GIVHAN: Right. I mean, she was referred to as a cougar, and it seemed like part of what was happening was, you know, in this sort of 24-hour news cycle which allows us to receive all this information that there also is this need to kind of quickly put these women into types. And I think our popular culture have kind of used cocktail waitress or lingerie model or model in general as a really easy way to mark someone as a type. And it just seemed unfair to me that while, yes, there's a financial discrepancy there and thus a power imbalance, that shouldn't automatically imply that in some way, because these women performed these particular jobs, that they were somehow predisposed to fall for, you know, this famous golfer.

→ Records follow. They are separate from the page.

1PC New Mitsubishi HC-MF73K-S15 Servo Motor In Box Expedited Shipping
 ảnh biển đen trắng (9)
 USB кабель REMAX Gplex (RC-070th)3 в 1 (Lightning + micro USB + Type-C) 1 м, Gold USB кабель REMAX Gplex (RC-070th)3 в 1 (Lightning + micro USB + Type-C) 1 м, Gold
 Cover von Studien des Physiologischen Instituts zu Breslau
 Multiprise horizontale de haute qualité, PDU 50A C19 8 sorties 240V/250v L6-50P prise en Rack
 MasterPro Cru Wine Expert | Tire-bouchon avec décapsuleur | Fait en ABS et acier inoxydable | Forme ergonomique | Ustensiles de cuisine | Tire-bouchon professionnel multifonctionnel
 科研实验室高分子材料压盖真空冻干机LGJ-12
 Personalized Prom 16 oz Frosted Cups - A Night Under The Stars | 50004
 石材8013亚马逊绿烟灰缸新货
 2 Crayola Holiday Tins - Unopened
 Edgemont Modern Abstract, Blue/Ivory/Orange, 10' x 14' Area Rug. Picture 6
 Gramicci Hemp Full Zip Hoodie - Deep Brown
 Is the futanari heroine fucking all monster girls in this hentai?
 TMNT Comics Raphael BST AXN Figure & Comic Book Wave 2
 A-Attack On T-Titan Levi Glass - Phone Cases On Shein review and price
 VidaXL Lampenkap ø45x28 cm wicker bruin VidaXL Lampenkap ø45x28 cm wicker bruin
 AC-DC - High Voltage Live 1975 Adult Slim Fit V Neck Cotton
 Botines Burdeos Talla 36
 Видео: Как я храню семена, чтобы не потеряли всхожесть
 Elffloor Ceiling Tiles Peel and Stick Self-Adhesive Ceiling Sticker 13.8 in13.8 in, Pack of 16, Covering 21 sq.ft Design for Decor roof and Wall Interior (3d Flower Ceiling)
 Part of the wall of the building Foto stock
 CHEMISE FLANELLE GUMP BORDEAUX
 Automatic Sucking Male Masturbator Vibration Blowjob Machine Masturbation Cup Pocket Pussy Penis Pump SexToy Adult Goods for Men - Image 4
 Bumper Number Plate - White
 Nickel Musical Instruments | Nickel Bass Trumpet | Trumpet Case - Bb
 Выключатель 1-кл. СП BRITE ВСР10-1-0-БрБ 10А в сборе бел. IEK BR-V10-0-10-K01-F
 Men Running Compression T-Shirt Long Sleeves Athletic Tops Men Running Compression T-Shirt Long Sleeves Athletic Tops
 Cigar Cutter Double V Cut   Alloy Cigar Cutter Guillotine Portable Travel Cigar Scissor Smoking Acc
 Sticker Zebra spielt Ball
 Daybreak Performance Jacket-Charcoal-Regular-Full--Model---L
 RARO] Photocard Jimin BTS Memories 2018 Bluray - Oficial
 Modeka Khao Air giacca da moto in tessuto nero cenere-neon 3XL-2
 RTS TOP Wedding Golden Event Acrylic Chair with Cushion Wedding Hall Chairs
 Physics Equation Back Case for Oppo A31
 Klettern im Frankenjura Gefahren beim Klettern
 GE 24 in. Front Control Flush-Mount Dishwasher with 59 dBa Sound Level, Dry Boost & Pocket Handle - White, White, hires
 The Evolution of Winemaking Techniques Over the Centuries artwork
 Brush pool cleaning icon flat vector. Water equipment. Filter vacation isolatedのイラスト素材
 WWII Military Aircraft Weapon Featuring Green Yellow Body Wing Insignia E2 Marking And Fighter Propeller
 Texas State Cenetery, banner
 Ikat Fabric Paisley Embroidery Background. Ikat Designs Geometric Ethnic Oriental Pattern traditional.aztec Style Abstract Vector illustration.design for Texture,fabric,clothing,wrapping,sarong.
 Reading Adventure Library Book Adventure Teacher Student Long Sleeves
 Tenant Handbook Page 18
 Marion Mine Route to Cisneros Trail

CONAN: Mm-hmm. You do admit that there are a couple who have been described as porn actresses. And their credentials here have to be questioned.
(SOUNDBITE OF LAUGHTER)
GIVHAN: Their credentials need to be questioned, and I am fully willing to concede that if you decide that porn star is your life's work, then you've made some very serious decisions about how you'd like to be portrayed.
CONAN: And some people might make assumptions about you.
GIVHAN: Exactly. Exactly.
GIVHAN: But I don't think that you've made that same decision if you've decided to be a waitress in a diner.
CONAN: And - well, cocktail waitress - someone was - the waitress at the - a pancake waitress. But nevertheless, cocktail waitress has always had a certain kind of - I always thought women who had jobs that worked at night were particularly vulnerable to this type of stereotyping.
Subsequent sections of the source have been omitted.